Aufzeichnungen der Veranstaltung sind im Youtube Kanal "Tagungsbeiträge der FNR" abrufbar: Charta für Holz 2.0 im Dialog 2022 - YouTube.

Hintergrund:
Mit dem Aufbau klimastabiler Wälder steht künftig deutlich mehr Laubholz am Markt zur Verfügung als bisher.
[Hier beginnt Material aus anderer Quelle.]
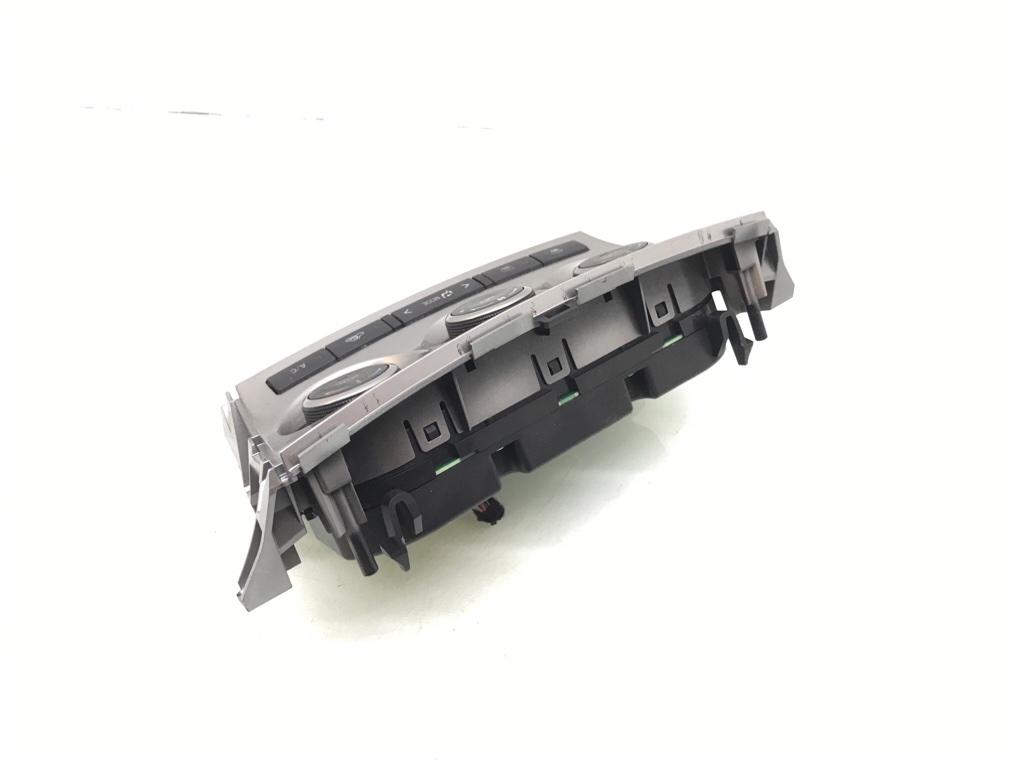 Блок управления печки/климат-контроля бу для Mazda 3  BL 1.6 i,  2010 г.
Das veränderte Holz-Angebot erfordert ein Umdenken bei Produzenten, Be- und Verarbeitern von Holz ebenso wie auf Verbraucherebene und in der Forschung, die an der Entwicklung attraktiver und hochwertiger nachhaltiger Holzprodukte beteiligt ist.

„Natur – Nachhaltigkeit – Design“ war die vierte Veranstaltung des BMEL in der Reihe „Charta für Holz im Dialog“. Die Charta für Holz 2.0 bildet den Rahmen für einen umfangreichen Dialogprozess, der den Einsatz von Holz aus nachhaltiger Forstwirtschaft als unverzichtbaren Beitrag zum Klimaschutz, zur Ressourcenschonung und zur Stärkung der ländlichen Räume thematisiert.